PROVIDED DATA:
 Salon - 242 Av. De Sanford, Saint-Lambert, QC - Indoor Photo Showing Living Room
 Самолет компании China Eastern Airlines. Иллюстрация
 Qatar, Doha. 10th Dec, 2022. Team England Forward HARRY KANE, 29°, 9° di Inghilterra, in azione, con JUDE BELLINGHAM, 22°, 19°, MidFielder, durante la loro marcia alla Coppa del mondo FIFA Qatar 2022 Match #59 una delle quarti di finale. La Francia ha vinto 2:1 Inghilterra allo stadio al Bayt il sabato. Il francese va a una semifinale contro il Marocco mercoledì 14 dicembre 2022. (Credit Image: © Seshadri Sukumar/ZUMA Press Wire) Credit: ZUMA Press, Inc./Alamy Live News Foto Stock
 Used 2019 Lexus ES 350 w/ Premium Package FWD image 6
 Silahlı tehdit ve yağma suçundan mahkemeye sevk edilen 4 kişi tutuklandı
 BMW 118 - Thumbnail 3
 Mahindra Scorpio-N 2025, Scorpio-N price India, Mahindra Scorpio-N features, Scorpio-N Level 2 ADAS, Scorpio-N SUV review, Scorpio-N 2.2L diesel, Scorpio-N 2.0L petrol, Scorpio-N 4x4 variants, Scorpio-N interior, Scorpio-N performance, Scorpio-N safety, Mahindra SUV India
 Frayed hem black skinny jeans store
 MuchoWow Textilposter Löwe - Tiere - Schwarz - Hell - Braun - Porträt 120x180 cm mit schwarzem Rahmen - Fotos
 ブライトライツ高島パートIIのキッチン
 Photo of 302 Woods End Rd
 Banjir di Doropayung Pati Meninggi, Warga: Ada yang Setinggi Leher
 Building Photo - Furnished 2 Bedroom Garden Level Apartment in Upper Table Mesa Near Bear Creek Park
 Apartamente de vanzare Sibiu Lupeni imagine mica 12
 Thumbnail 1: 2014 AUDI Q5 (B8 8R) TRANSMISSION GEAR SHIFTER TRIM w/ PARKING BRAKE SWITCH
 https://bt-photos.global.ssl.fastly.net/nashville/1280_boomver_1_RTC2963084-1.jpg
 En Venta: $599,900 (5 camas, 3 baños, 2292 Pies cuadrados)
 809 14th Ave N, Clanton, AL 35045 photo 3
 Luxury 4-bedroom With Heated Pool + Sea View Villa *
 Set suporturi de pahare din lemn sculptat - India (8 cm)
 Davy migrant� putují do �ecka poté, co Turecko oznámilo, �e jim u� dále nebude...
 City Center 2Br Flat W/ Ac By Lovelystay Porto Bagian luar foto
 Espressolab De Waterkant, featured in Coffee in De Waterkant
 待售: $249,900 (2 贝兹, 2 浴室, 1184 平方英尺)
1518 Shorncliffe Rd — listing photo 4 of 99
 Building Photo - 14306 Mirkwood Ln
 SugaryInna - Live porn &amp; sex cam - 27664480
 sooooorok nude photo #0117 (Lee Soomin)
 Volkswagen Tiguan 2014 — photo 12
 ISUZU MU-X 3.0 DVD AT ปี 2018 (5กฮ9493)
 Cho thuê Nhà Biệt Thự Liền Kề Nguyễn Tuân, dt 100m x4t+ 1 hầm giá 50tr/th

WHAT TO PRODUCE:
Copy, from the material, each line that holds the string "Building".

SOLUTION TO THIS EXERCISE:
 Building Photo - Furnished 2 Bedroom Garden Level Apartment in Upper Table Mesa Near Bear Creek Park
 Building Photo - 14306 Mirkwood Ln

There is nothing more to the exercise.